Liberty's Desperate Hour and the Ten Critical Days of The American Revolution
THE ROAD TO ASSUNPINK CREEK puts a spotlight on what may be the most unappreciated moment of a young nation’s revolutionary struggle when George Washington’s army narrowly escaped destruction to keep alive its fight for American independence.
Perhaps no military action in our country’s history is more paradoxical than the one on the road to Assunpink Creek, and at the bridge that crossed it, in the sense that its obscurity in the public mind and neglect by many historians is so disproportionate to its impact on the course of a conflict with global implications. The Battle of Assunpink Creek on January 2, 1777 was the second in a sequence of three victories by George Washington’s army during the “Ten Crucial Days” of the American Revolution—the period from December 25, 1776 through January 3, 1777. Those rapid-fire triumphs, the first significant successes by the Continental Army, reversed the momentum of the war when it appeared that America’s quest for independence from Great Britain was on the verge of total defeat.
When Washington’s army made its legendary Christmas night crossing of the Delaware River and captured the Hessian garrison in Trenton, the British and Hessian commanders sought a revenge that would destroy Washington’s dwindling army. Lt. General Charles Cornwallis was sent south with a force of over 7,000 men toward Trenton where Washington had set up a defensive position on the south bank of the Assunpink Creek. The ensuing engagement, also known as The Second Battle of Trenton, was in fact part of the Princeton Campaign.

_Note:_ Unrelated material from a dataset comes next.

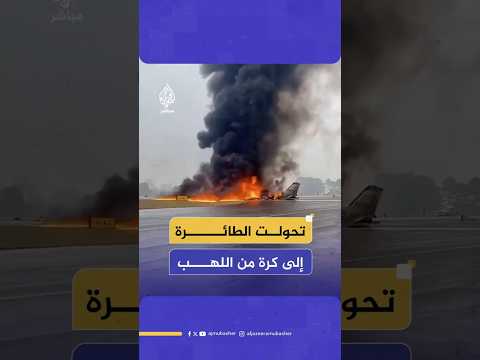 تحولت الطائرة إلى كرة من اللهب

THE ROAD TO ASSUNPINK CREEK offers what many students of the period may regard as an unconventional and even contrarian approach. It does so by paying particular attention to what the author contends is clearly the most unappreciated event during this vital epoch and possibly of the entire war for independence — the military actions that occurred throughout the day and into the evening hours on January 2, 1777.